START Records for this exercise

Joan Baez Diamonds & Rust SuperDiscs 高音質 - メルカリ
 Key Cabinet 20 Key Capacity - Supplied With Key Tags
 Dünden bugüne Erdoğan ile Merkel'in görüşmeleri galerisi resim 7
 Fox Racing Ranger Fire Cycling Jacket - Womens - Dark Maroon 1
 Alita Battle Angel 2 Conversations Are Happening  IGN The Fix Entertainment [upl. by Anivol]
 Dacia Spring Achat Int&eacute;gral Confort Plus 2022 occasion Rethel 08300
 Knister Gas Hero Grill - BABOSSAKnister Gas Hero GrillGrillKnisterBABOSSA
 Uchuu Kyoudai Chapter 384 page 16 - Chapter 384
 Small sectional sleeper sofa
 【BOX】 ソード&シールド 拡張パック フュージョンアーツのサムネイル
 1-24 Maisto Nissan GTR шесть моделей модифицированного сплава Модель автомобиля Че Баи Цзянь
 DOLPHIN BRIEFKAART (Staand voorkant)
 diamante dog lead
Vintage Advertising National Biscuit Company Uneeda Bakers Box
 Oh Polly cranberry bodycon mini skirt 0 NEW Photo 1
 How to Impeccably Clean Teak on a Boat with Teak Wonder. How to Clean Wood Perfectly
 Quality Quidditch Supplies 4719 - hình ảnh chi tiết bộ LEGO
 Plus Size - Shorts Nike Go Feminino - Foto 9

END Records for this exercise

### Work order
A complete answer lists each line of the data that holds the word "Plus".

### Result of the exercise
 Dacia Spring Achat Int&eacute;gral Confort Plus 2022 occasion Rethel 08300
 Plus Size - Shorts Nike Go Feminino - Foto 9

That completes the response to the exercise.